*The records:*
════

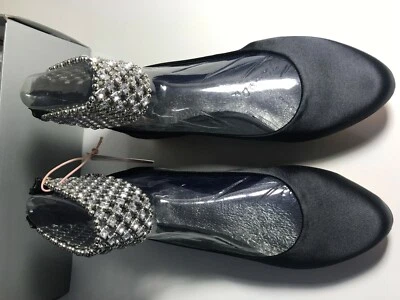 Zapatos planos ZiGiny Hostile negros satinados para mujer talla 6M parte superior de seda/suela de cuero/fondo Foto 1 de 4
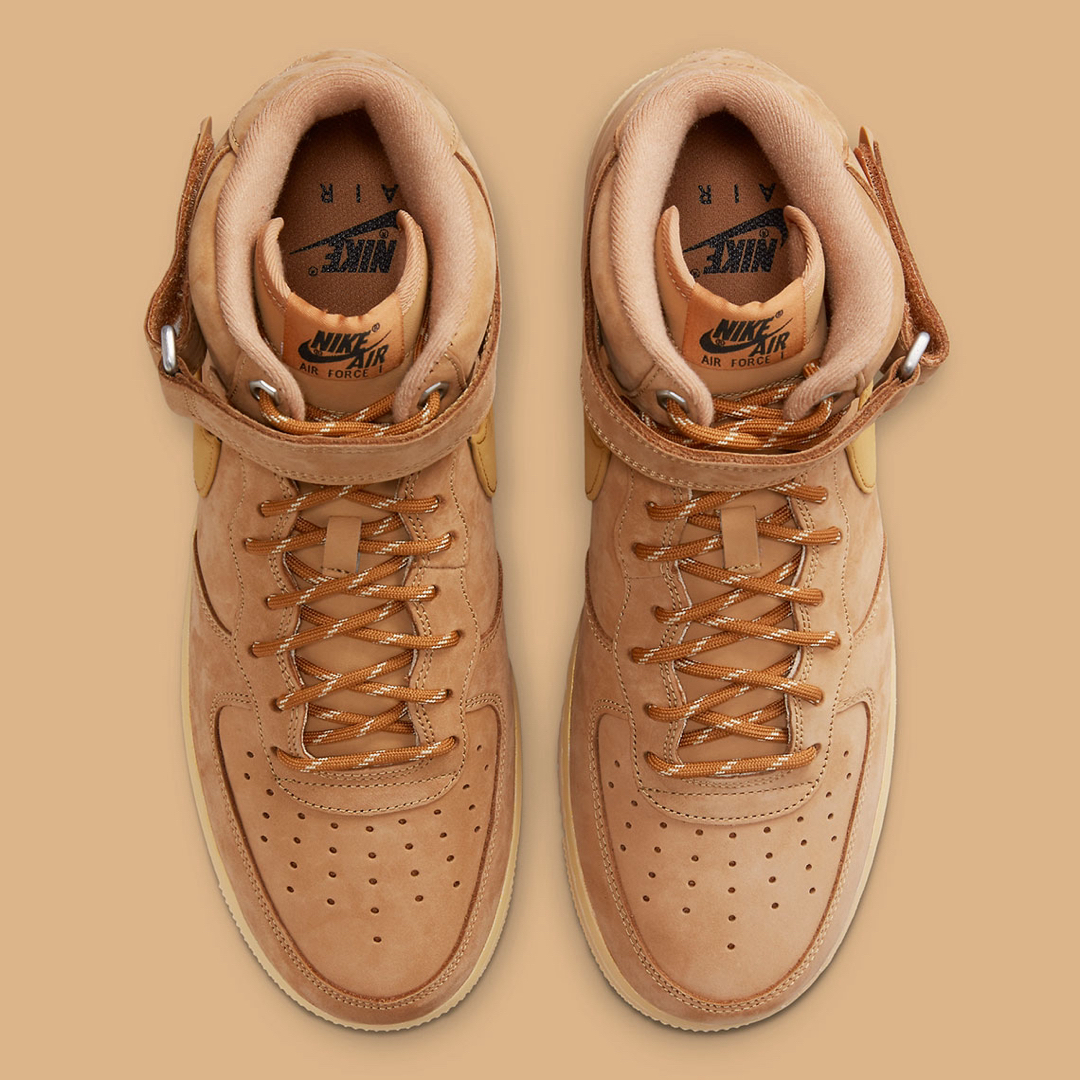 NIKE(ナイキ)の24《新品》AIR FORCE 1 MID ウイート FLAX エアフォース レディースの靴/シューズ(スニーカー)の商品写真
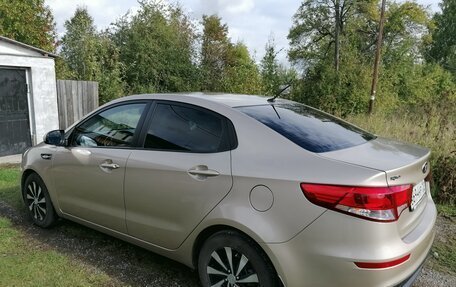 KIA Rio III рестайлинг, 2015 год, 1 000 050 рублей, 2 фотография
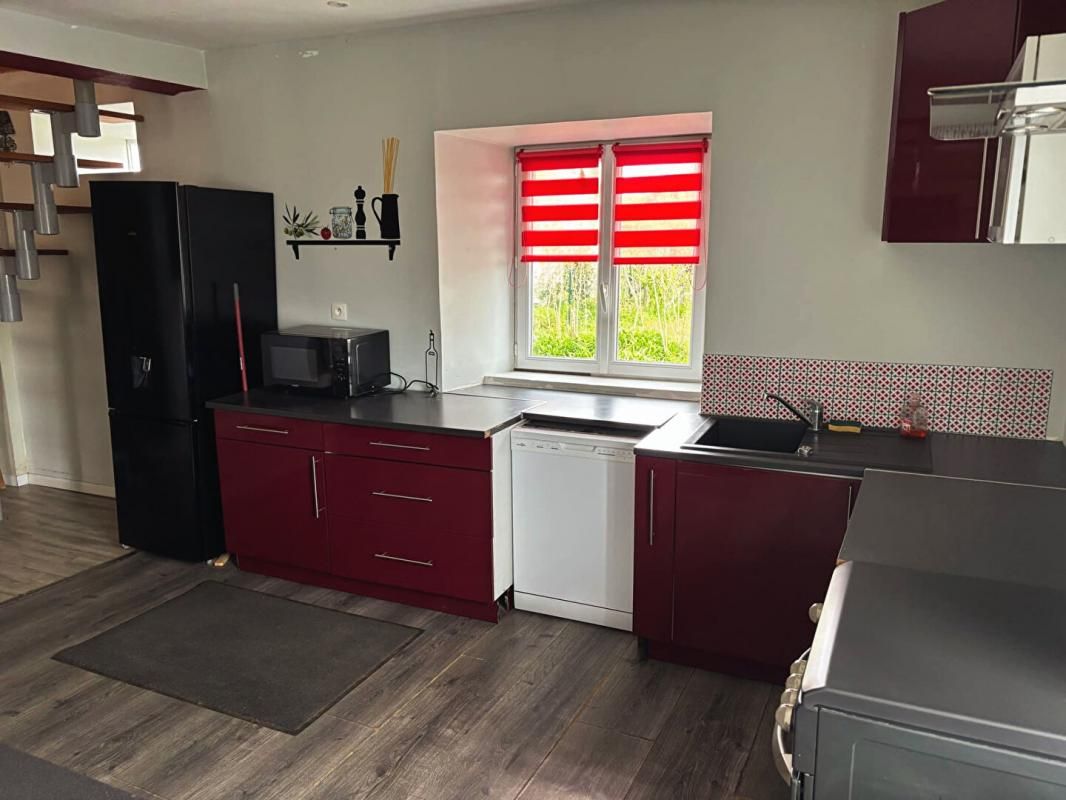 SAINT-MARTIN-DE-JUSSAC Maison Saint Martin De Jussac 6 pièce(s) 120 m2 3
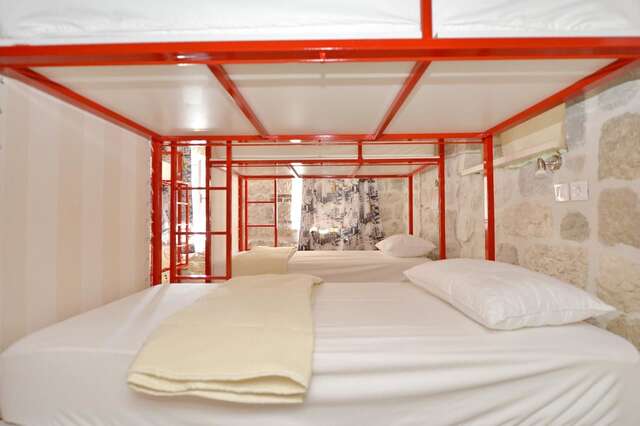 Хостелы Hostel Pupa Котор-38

════

*Directions:*
Leave every picture out, and repeat exactly the lines from the one containing "NIKE(ナイキ)の24《新品》AIR FORCE 1" through the last line of the entries, both ends included.

*Answer for the task:*
 NIKE(ナイキ)の24《新品》AIR FORCE 1 MID ウイート FLAX エアフォース レディースの靴/シューズ(スニーカー)の商品写真
 KIA Rio III рестайлинг, 2015 год, 1 000 050 рублей, 2 фотография
 SAINT-MARTIN-DE-JUSSAC Maison Saint Martin De Jussac 6 pièce(s) 120 m2 3
 Хостелы Hostel Pupa Котор-38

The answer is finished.